- Born: February 16, 1950 (age 76) Evanston, Illinois, U.S.
- Education: Stanford University (BA)
- Occupations: Writer, film critic
- Spouse: Sasha Alpert ​(m. 1993)​

= Todd McCarthy =

American film critic and author

Todd McCarthy (born February 16, 1950) is an American film critic and author. He wrote for Variety for 31 years as its chief film critic until 2010. In October of that year, he joined The Hollywood Reporter, where he subsequently served as chief film critic until 2020. McCarthy subsequently began writing regularly for Deadline Hollywood in 2020.

==Early life==
Todd McCarthy was born in Evanston, Illinois, the son of Daniel and Barbara McCarthy. His mother was a cellist and served as the president of the Evanston Symphony Orchestra. His father was a rancher and real-estate developer. McCarthy graduated from Evanston Township High School (ETHS) in 1968 and Stanford University in 1972. While at ETHS, he made a silent, plotless movie on Super 8 film titled Mimi after the nickname of his featured classmate who later became known as Claudia Jennings. In college, McCarthy was hired as a critic at the newspaper office on campus. His first review was a positive one for the French-Italian film Belle de Jour (1967). He wrote it at the age of 18.

==Career==
McCarthy edited Kings of Bs: Working Within the Hollywood System with Charles Flynn, a book that discusses the great filmmakers of B movies, which was published in 1975. He moved to Los Angeles and from 1974 to 1975, worked for Paramount Pictures as an assistant to Elaine May. He helped her edit Mikey and Nicky (1976). From 1975 to 1977, McCarthy worked for New World Pictures in Los Angeles as the director of advertising and publicity. He also joined The Hollywood Reporter as a film critic in 1975 but was let go a year later. McCarthy was later the manager of the English-language edition of Le Film français in 1977. The next year, he got a job as a Hollywood editor for Film Comment.

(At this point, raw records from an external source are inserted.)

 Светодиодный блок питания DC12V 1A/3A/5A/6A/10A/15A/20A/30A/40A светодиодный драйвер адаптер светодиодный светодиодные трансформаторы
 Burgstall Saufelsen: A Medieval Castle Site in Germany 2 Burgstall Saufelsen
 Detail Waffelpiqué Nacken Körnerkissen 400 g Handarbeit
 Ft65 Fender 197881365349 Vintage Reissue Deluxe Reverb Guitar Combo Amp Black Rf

McCarthy joined Daily Variety in 1979 and worked as a reporter and film critic until 1989. In 1990, McCarthy wrote the PBS documentary Preston Sturges: The Rise and Fall of an American Dreamer which won him an Emmy Award. He directed four documentaries about film: Visions of Light (1992), Claudia Jennings (1995), Forever Hollywood (1999), and Man of Cinema: Pierre Rissient (2007). Visions of Light was named the Best Documentary of the Year by the National Society of Film Critics and the New York Film Critics Circle. Forever Hollywood has been played at Grauman's Egyptian Theatre for more than a decade.

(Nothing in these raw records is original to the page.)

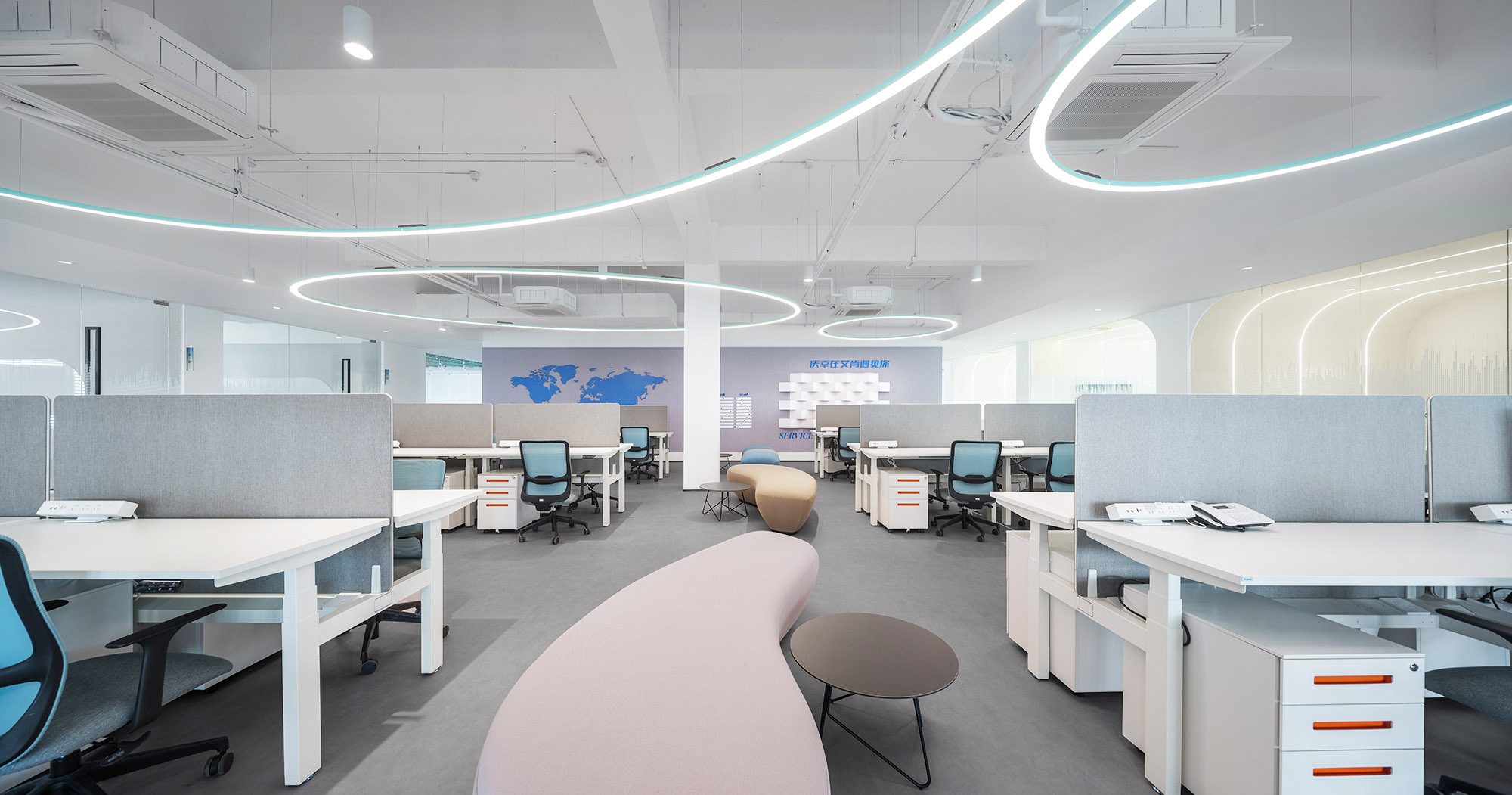 艾肯工业总部办公丨中国常州丨时象设计-36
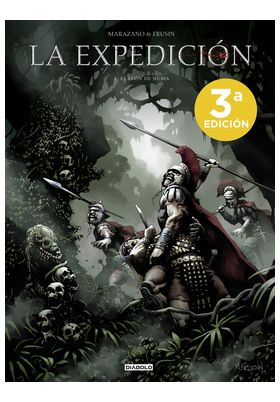 LA EXPEDICION 01. EL LEON DE NUBIA (3ª EDICION)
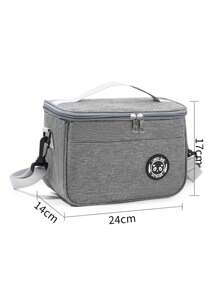 Insulated Lunch Bag Insulation Bento Pack Aluminum Foil Rice Bag Meal Pack Ice Pack Student Bento Lunch Handbag Insulation, Summer Outdoor Bags For Food, Picnic Camping Bags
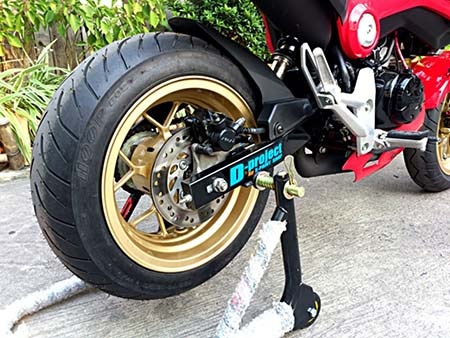 Honda Việt Nam "dối già" với MSX 125? - 12 Và một số mẫu Honda MSX 125 được độ tại Thái Lan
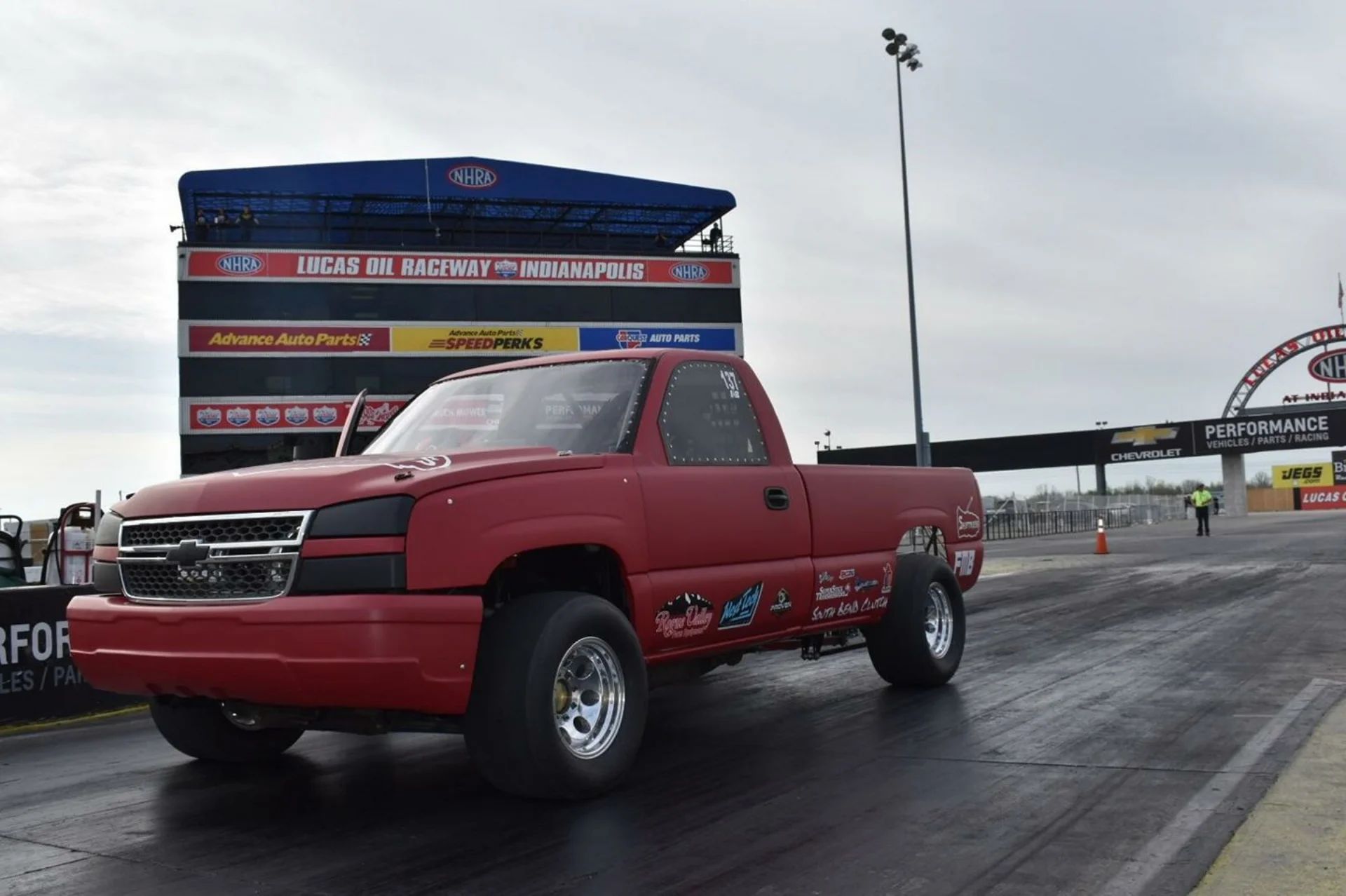 Race Truck Wrap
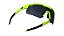 Óculos HB Shield Evo Mountain - Neon Yellow / Gray - Imagem 4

In 1991 he joined Variety as film review editor of Variety and Daily Variety. He wrote about the producer/director Howard Hawks in his book, Howard Hawks: The Grey Fox of Hollywood, which was published in 2000. In 2007 he wrote Fast Women: The Legendary Ladies of Racing. McCarthy also wrote Des Ovnis, des Monstres et du Sexe: Le Cinéma Selon Roger Corman (2011).

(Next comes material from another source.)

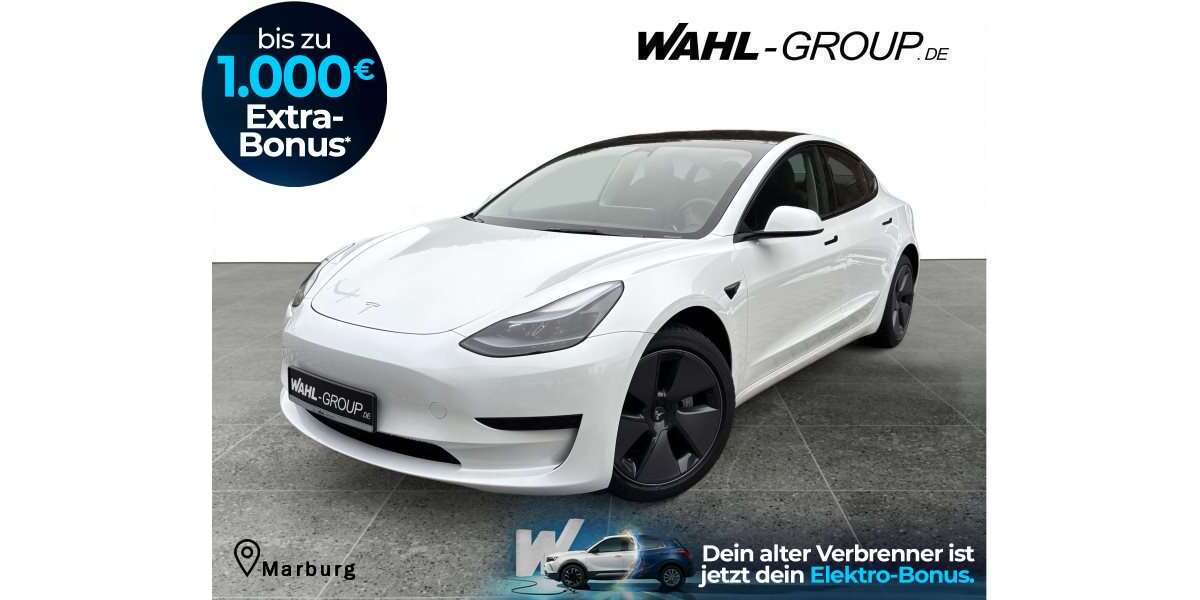 Tesla Model 3 38.253 km 29.999 &euro; Marburg 35039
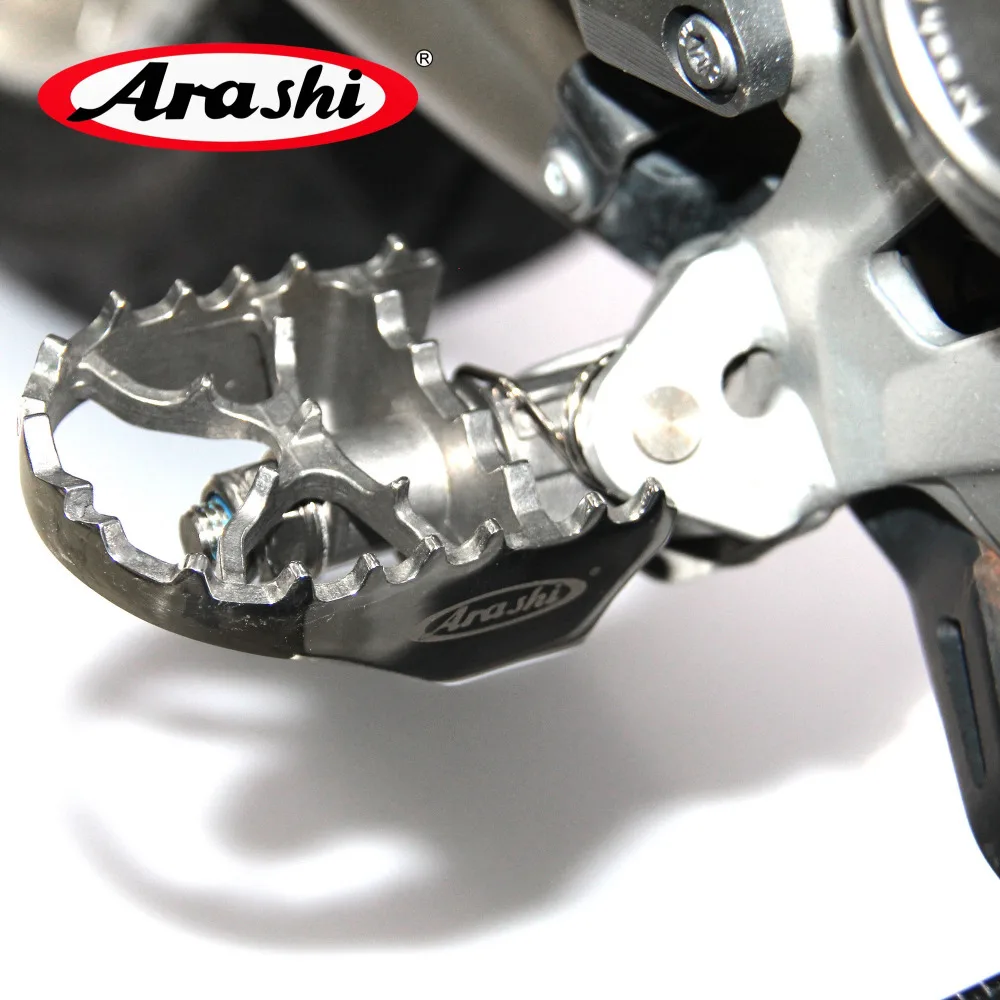 Араши F850GS 2017 2018 2019 2020 пилообразные лапки для ног Peds 40 градусов регулируемые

McCarthy lost his job at Variety in March 2010, having been the longest-serving member of their staff. McCarthy began writing for IndieWire after leaving Variety. He was rehired by The Hollywood Reporter in October 2010 as the chief film critic under Janice Min. He wrote the introduction to the 2013 edition of cinematographer John Alton's book
Painting with Light. McCarthy lost his job at The Hollywood Reporter in April 2020. McCarthy subsequently began writing regularly for Deadline Hollywood later in 2020.

== Personal life ==
At age 43, McCarthy married documentary filmmaker Sasha Alpert on July 4, 1993, at his family's ranch in Pagosa Springs, Colorado.

==Bibliography==

- Kings of the Bs: Working within the Hollywood system : an anthology of film history and criticism (1975) (edited by Todd Mccarthy and Charles Flynn)
- Howard Hawks: The Grey Fox of Hollywood (2000)
- Fast Women: The Legendary Ladies of Racing (2007)
- Telling Stories: Norman Rockwell from the Collections of George Lucas and Steven Spielberg (2011) (coauthor Virginia Mecklenburg)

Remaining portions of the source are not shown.